_Required action_. Could you restate word for word each line from the top of the listing below through the line containing "Başkan Sındır’dan Sevgililer Günü nikahı"? Keep the pictures out.

************

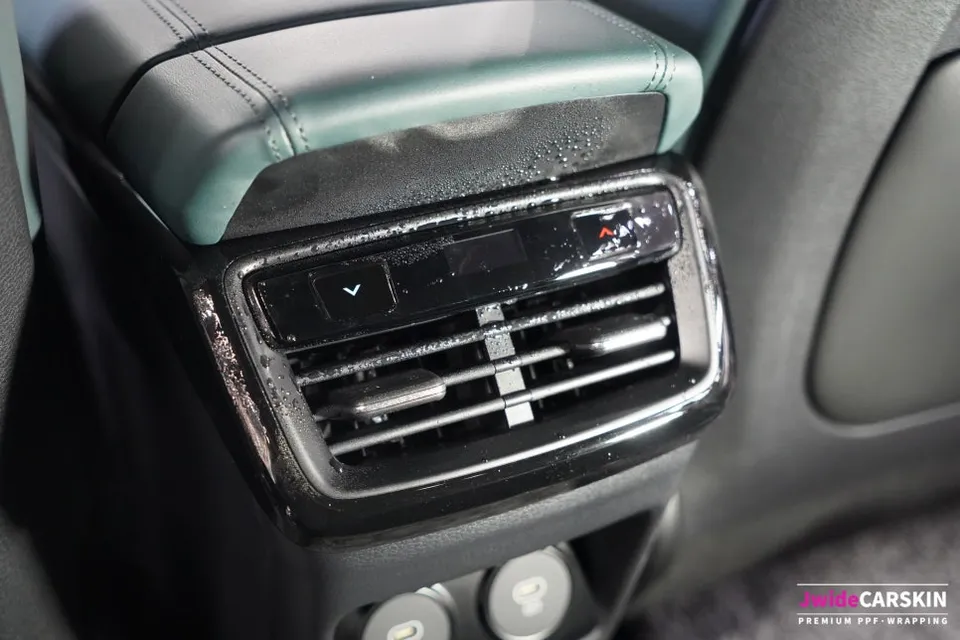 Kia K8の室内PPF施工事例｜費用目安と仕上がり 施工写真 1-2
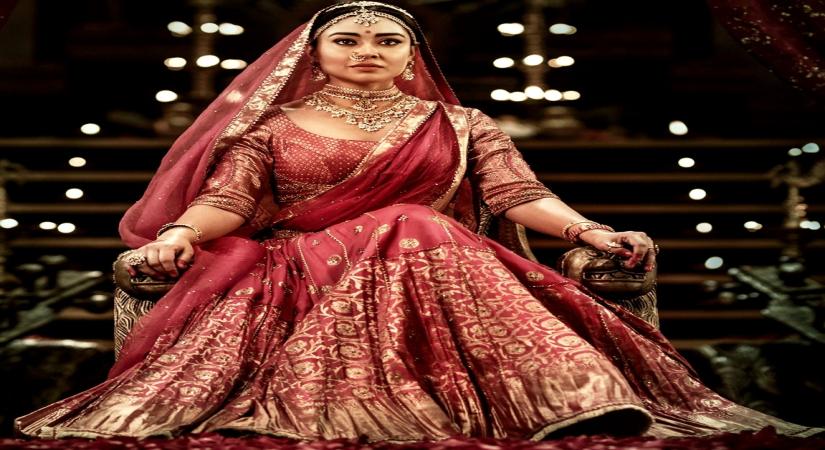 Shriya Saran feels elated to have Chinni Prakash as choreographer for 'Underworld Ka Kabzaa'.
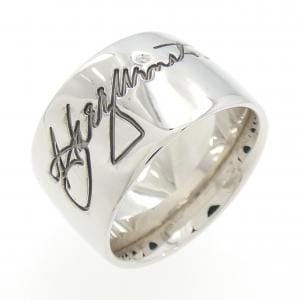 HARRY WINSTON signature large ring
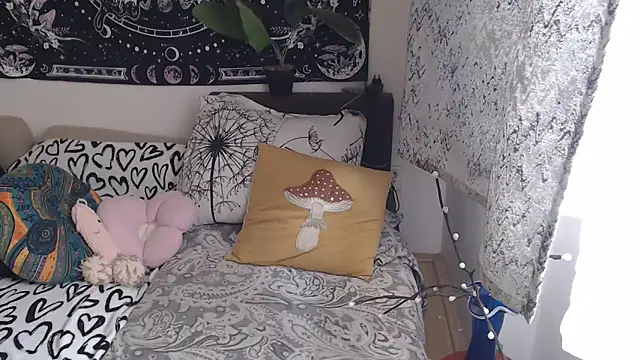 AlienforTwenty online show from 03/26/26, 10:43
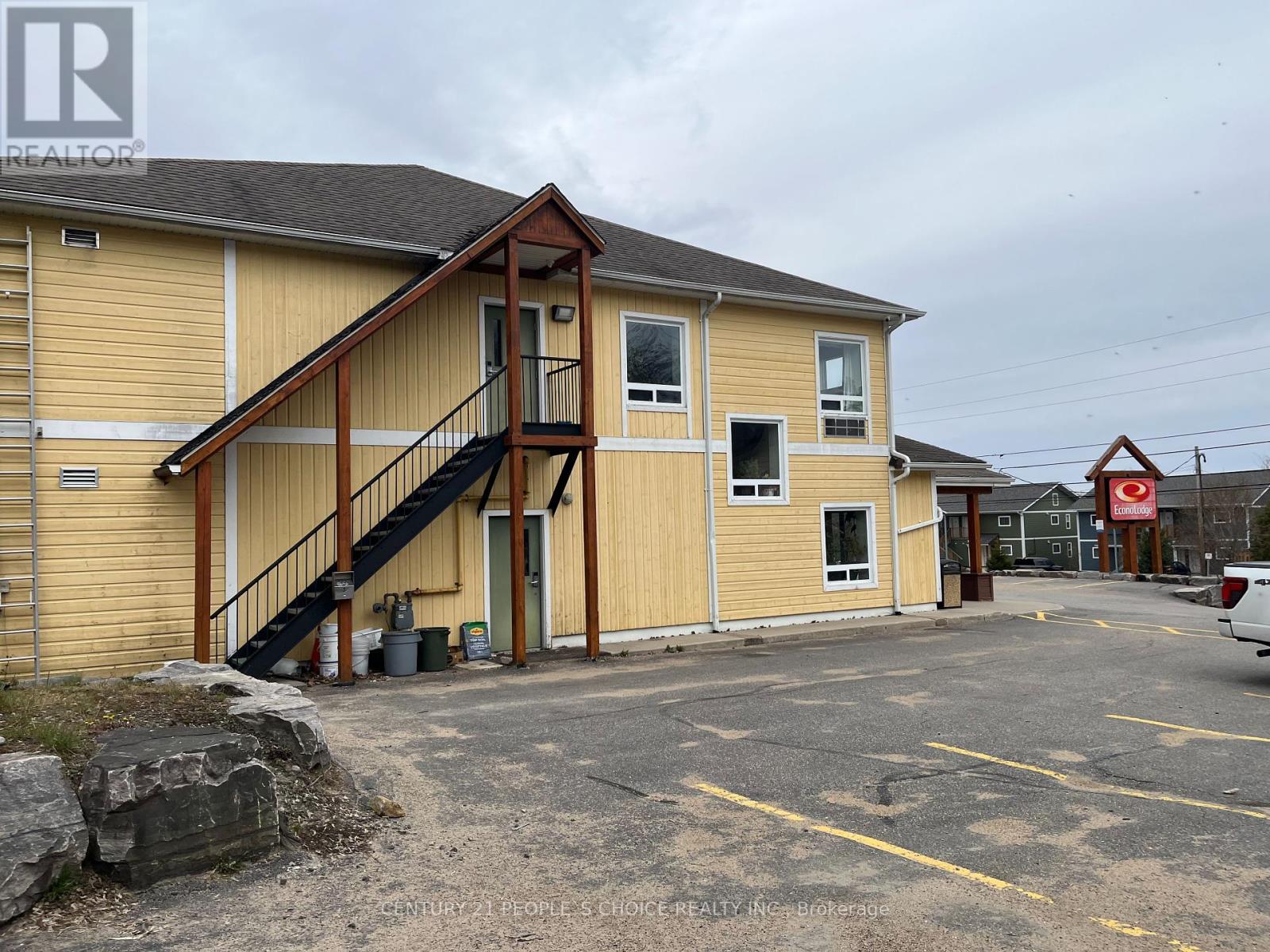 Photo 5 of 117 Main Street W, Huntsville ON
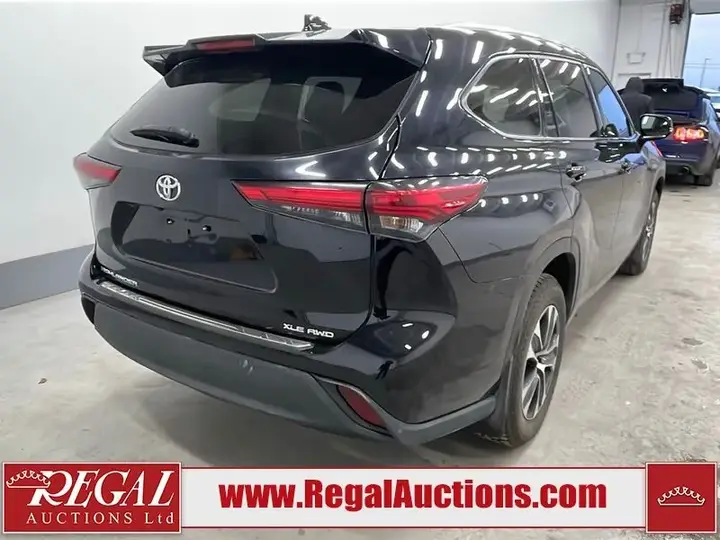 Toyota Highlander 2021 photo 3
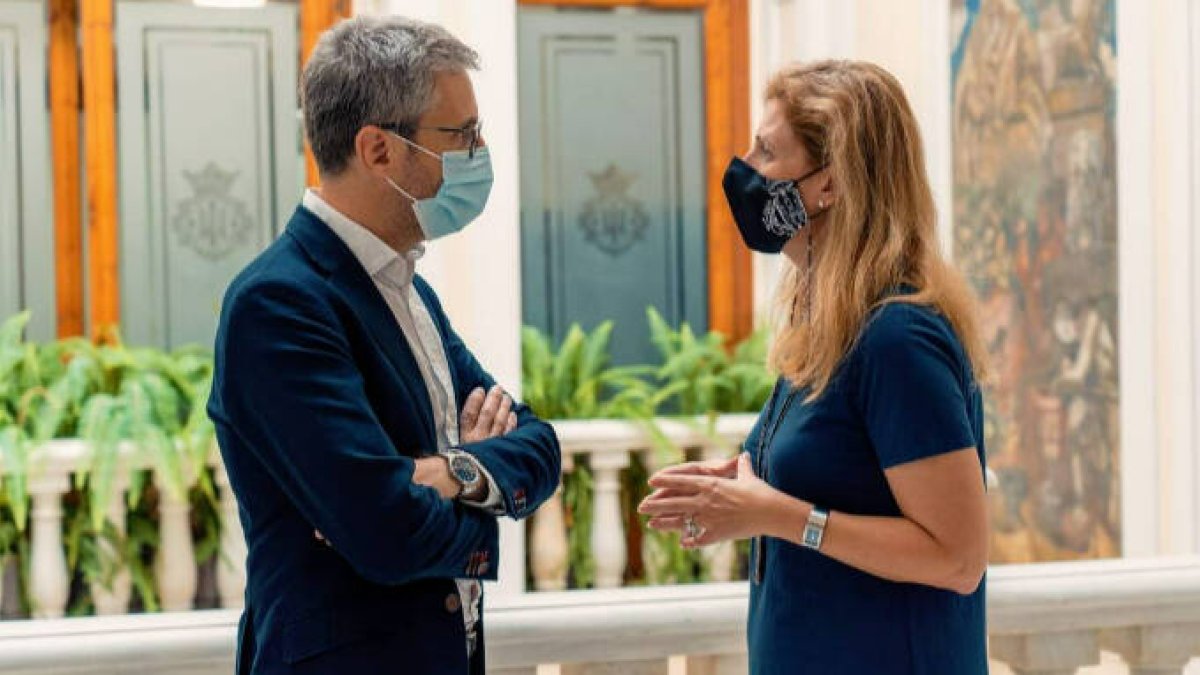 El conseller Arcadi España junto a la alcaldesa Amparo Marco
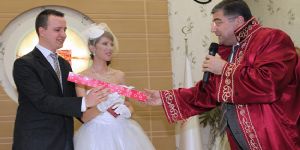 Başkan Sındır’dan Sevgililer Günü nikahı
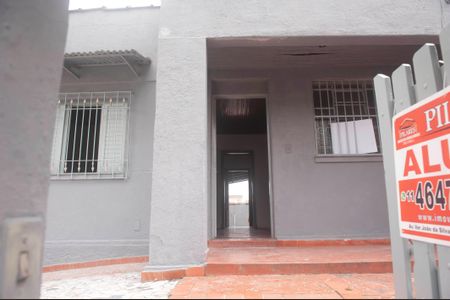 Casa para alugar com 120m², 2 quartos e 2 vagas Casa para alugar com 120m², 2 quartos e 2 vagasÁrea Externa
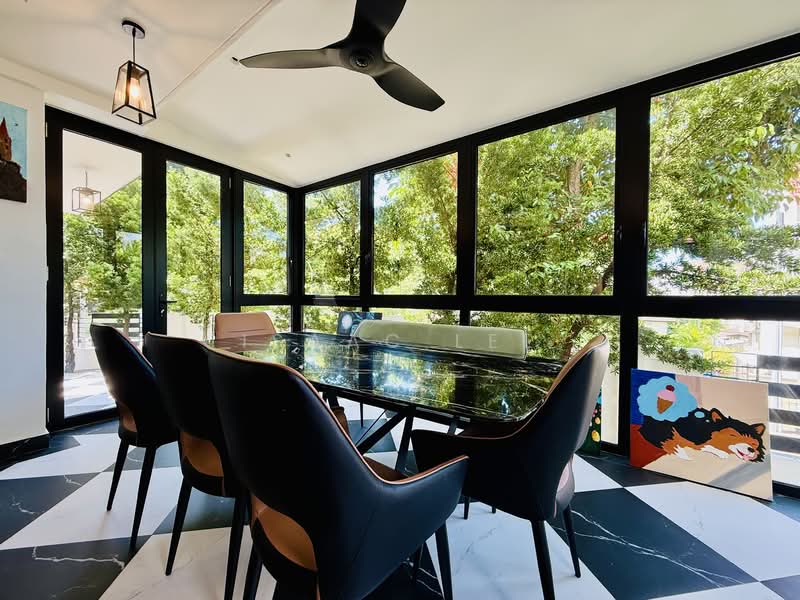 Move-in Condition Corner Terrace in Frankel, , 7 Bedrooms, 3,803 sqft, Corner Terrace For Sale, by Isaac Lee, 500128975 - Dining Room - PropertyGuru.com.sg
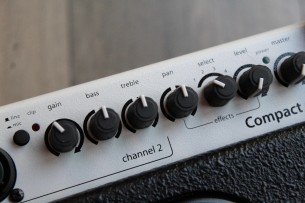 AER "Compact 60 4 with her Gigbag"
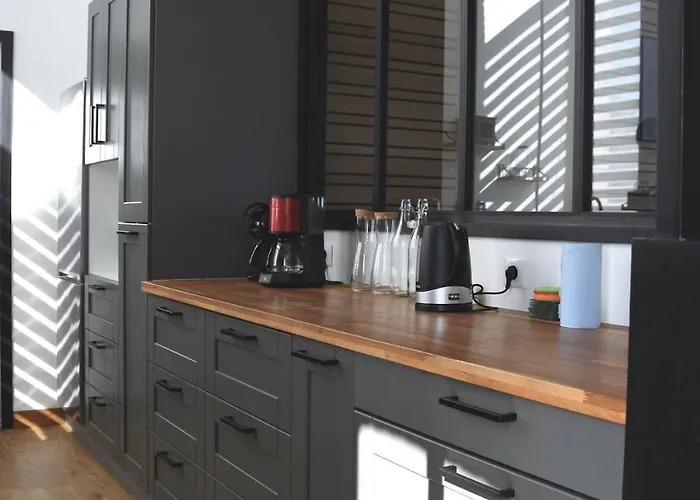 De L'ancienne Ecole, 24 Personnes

************

_Result of this exercise_.
 Kia K8の室内PPF施工事例｜費用目安と仕上がり 施工写真 1-2
 Shriya Saran feels elated to have Chinni Prakash as choreographer for 'Underworld Ka Kabzaa'.
 HARRY WINSTON signature large ring
 AlienforTwenty online show from 03/26/26, 10:43
 Photo 5 of 117 Main Street W, Huntsville ON
 Toyota Highlander 2021 photo 3
 El conseller Arcadi España junto a la alcaldesa Amparo Marco
 Başkan Sındır’dan Sevgililer Günü nikahı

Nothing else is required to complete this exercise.